In general CPUs can load multiple bytes from memory because they are designed to do so and their ISA supports it.

For example, their registers, internal buses, caching design and memory subsystem is designed to do so. Physically a processor capable of loading 64-bit values may have 64 parallel wires in various places to move 64-bits (8 bytes) around the CPU - but other designs are possible, such as a smaller bus of 16-bits that transfers two bytes at a time, or even a bit-serial point-to-point connection which transmits bits one at a time. Different parts of the same CPU may use different designs and different physical widths. For example, reading N bits from DRAM may be implemented as reading M bits in parallel from C chips, with the results merged at the memory controller so the chips need to support a lesser degree of parallelism than other parts of the core to memory path.

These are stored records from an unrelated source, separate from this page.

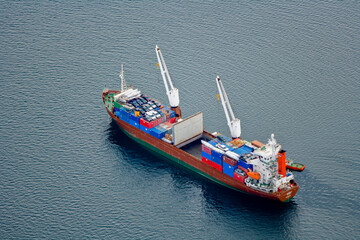 Wall Mural - Cargo Ship at Inuit Village of Kangirsuk Nunavik Quebec Canada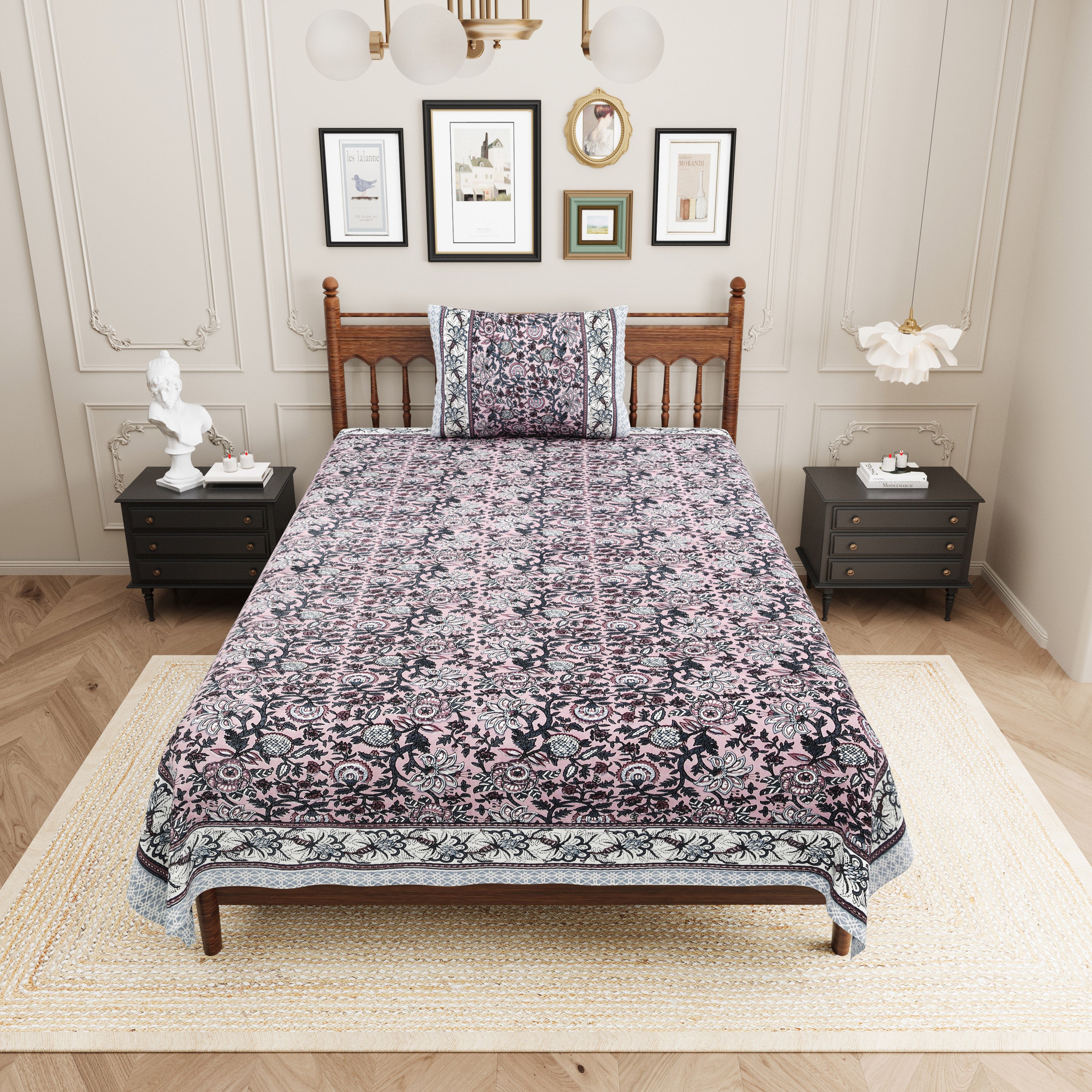 Vintage Botanical Printed Single Bedsheet- Muted Mauve (Pack of 2)
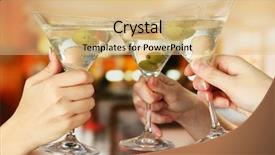  Presentation with invitation party - Theme featuring corporate party martini glasses background and a coral colored foreground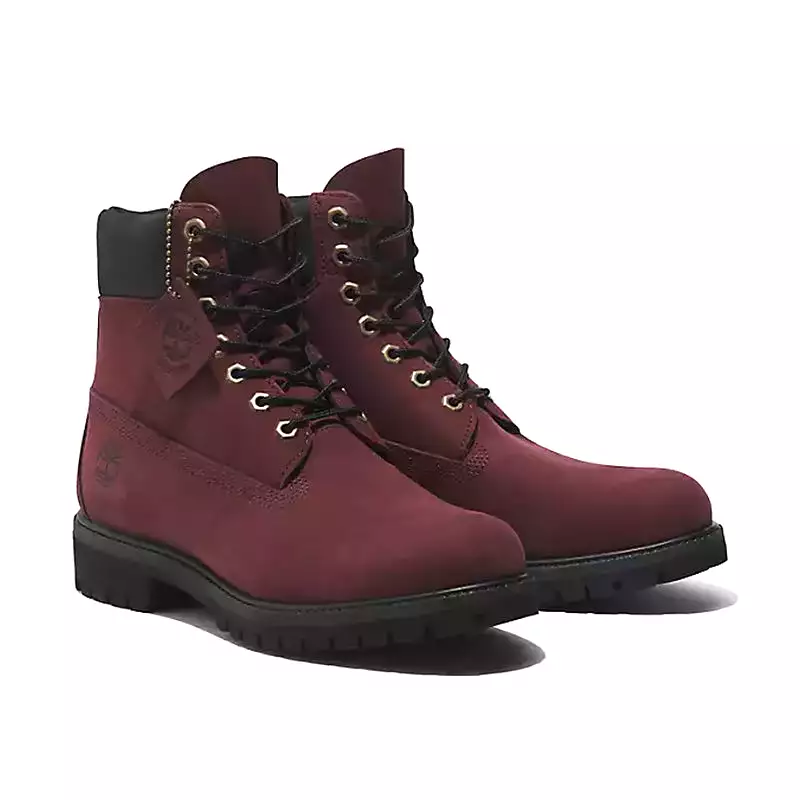 Men's 6 Waterproof Premium Burgundy Nubuck Shoes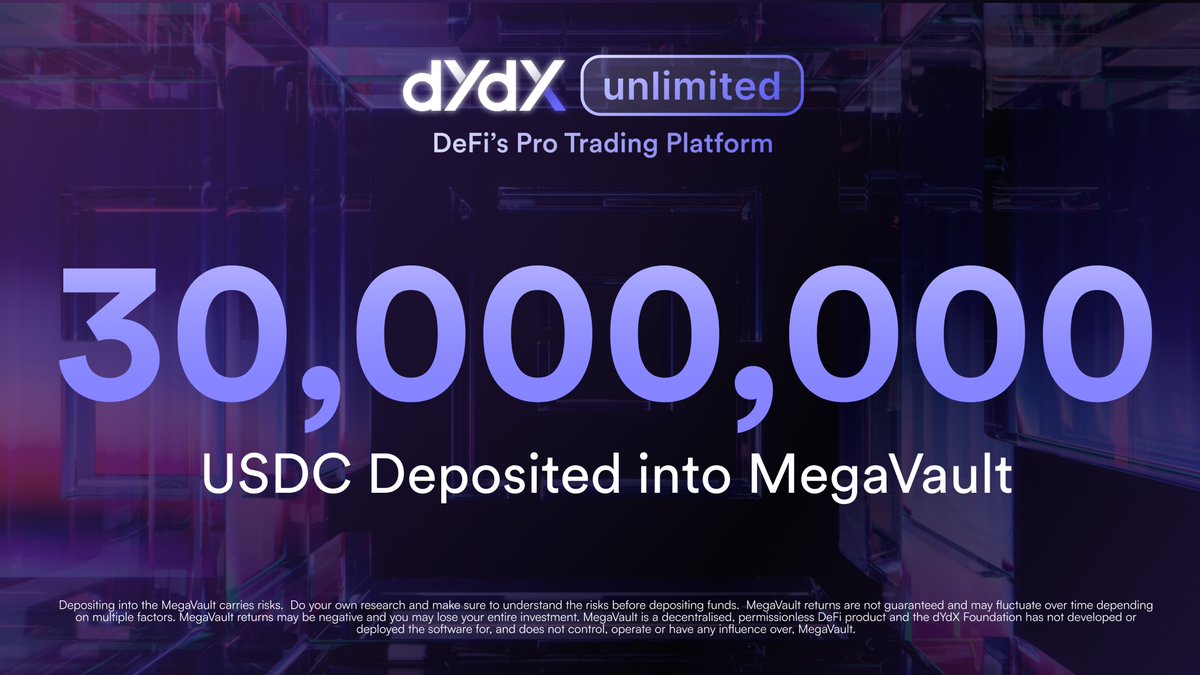 Less than 24 hours later...

MegaVault deposits have doubled 🙌

The dYdX community is in full force.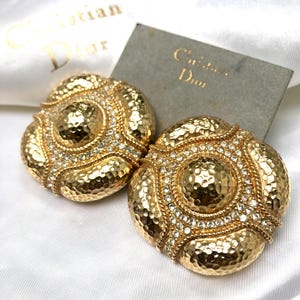 Vintage Christian Dior Statement Designer Clip Earrings, Hammered Gold Plate & Rhinestones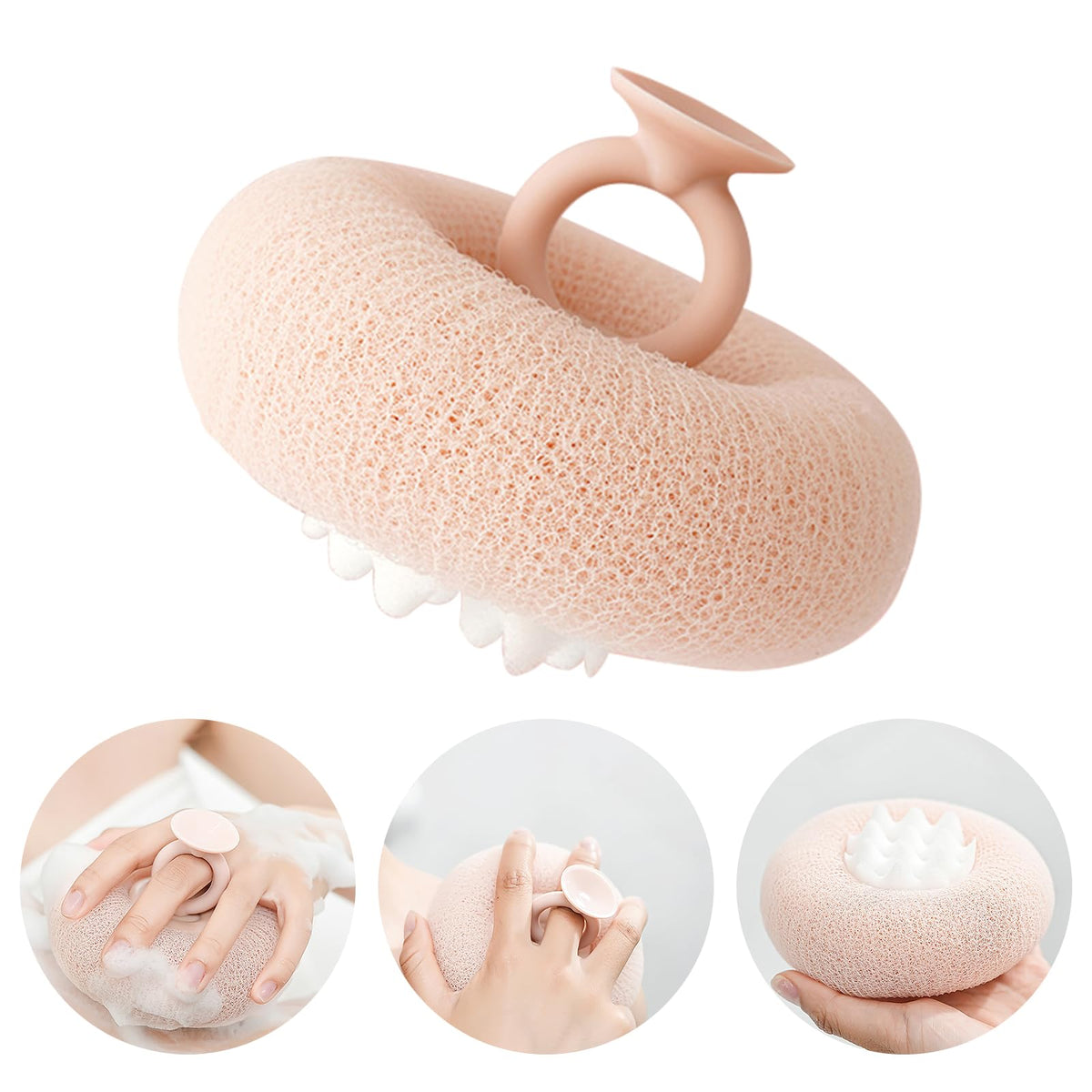 2-in-1 Sunflower Shower Sponge with Suction Cup | Exfoliating Bath Sponge for Soft Skin | Hypoallergenic & Eco-Friendly Body Scrubber for Spa-Like Luxury (Purple)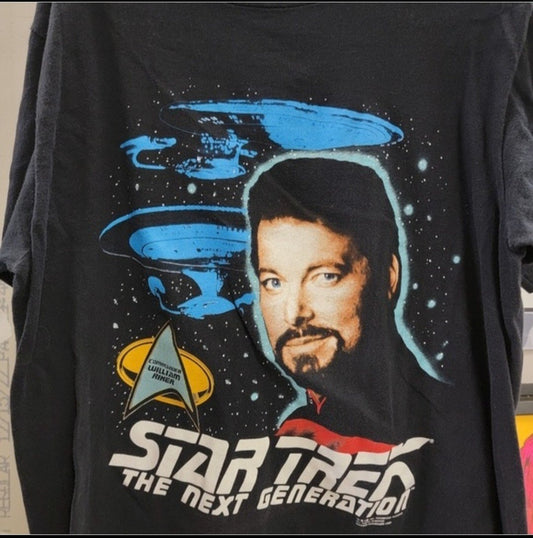 Vintage Star Trek Commander William Riker Single Stitch Shirt Size Large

The width inherently supported by the ISA may differ from the natural width implemented by the hardware. For example, when Intel added the AVX ISA extension, which was the first to support 256-bit (16-byte) loads and stores, the underlying hardware initially implemented this as a pair of 128-bit operations. Later CPU architectures (Haswell) finally implemented this as full 256-bit width operations. Even today lower-cost x86 chips may split up large load/store operations into smaller units.

Ultimately, these are all internal details of the CPU. What you can rely on is the documented behavior, such as what size of values can be loaded atomically, or for CPUs that document it, how long it takes to load values of types. How it is implemented internally is more of an electrical engineering/CPU design question and there are many ways to do it.